§ YOUR INSTRUCTIONS:
Produce word for word the lines of the data below running from the one that has "Fotos: Un San Juan mágico en Cantabria" to the one that has "Omirad Textured Wide-Leg", inclusive, and no others.

○ ○ ○ ○ ○ ○ ○

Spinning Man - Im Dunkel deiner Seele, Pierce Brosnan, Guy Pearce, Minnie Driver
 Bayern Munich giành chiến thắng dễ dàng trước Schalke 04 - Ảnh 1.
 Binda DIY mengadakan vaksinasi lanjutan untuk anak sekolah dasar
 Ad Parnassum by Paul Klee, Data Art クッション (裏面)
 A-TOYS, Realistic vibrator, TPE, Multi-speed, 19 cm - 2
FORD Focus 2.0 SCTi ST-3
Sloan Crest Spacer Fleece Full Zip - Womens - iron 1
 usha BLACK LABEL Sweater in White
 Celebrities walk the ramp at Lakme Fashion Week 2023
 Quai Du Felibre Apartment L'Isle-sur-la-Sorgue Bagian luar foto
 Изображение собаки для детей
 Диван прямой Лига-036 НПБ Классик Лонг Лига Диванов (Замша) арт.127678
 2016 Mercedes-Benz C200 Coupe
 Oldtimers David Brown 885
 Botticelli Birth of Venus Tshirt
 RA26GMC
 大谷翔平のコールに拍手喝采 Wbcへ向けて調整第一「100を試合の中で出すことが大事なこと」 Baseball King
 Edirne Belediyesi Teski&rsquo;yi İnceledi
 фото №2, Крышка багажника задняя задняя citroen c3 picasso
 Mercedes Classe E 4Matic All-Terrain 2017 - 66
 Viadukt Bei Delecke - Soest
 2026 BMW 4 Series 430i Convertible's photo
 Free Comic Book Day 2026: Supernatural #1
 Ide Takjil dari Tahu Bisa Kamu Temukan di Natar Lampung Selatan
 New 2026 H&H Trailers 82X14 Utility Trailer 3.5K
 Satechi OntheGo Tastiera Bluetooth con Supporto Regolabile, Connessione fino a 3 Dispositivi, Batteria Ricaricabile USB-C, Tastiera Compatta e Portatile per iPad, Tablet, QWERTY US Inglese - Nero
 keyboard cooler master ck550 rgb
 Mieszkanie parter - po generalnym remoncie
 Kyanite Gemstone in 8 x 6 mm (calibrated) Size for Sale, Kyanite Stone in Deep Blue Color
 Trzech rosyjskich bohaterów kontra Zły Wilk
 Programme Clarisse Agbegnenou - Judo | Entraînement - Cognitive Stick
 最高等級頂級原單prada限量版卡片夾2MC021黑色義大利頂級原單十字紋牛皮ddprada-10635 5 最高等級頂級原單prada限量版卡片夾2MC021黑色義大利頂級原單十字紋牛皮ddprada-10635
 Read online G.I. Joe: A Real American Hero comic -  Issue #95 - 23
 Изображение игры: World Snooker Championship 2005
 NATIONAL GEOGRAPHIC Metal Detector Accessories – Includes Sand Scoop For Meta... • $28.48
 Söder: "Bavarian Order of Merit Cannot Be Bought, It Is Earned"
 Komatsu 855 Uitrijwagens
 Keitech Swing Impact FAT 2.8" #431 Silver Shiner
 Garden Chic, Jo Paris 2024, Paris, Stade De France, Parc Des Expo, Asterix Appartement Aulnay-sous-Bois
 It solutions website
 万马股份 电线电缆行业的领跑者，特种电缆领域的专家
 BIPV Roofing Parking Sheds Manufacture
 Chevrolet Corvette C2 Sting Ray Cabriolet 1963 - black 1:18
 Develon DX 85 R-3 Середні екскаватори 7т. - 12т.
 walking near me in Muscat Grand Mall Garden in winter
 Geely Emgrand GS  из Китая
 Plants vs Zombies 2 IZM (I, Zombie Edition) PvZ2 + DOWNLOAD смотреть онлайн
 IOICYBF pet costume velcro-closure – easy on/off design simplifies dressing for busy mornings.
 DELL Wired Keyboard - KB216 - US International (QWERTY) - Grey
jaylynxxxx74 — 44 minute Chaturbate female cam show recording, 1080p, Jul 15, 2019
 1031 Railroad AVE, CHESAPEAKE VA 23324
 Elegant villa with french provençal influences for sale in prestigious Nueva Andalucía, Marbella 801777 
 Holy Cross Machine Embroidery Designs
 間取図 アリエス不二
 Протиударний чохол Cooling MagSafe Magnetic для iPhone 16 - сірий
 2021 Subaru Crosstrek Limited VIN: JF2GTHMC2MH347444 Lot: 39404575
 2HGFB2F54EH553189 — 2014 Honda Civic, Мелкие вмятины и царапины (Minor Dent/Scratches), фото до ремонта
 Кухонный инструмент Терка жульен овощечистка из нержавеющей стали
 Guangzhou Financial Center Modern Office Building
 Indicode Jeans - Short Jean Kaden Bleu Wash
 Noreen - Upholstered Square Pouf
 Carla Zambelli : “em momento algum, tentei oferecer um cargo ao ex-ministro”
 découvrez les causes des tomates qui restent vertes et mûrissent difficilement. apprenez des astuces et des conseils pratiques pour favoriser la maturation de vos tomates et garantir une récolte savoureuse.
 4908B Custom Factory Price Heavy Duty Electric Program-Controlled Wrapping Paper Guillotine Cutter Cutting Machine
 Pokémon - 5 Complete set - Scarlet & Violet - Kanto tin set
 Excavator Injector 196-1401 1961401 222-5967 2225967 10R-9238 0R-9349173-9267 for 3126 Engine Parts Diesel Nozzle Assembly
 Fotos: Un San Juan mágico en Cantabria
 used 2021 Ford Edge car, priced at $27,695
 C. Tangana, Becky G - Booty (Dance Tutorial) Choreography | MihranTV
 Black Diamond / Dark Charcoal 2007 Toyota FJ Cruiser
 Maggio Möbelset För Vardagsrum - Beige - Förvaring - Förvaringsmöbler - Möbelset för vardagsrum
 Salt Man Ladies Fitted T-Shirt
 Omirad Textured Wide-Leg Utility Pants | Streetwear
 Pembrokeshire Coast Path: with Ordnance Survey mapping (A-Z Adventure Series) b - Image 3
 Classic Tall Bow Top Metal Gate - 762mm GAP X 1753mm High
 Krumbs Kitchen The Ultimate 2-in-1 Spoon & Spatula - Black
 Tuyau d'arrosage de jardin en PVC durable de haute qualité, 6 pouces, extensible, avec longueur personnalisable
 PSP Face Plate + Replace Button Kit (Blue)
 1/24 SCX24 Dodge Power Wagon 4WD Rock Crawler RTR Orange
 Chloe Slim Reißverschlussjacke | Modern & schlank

○ ○ ○ ○ ○ ○ ○

§ RESULT FOR THIS TASK:
 Fotos: Un San Juan mágico en Cantabria
 used 2021 Ford Edge car, priced at $27,695
 C. Tangana, Becky G - Booty (Dance Tutorial) Choreography | MihranTV
 Black Diamond / Dark Charcoal 2007 Toyota FJ Cruiser
 Maggio Möbelset För Vardagsrum - Beige - Förvaring - Förvaringsmöbler - Möbelset för vardagsrum
 Salt Man Ladies Fitted T-Shirt
 Omirad Textured Wide-Leg Utility Pants | Streetwear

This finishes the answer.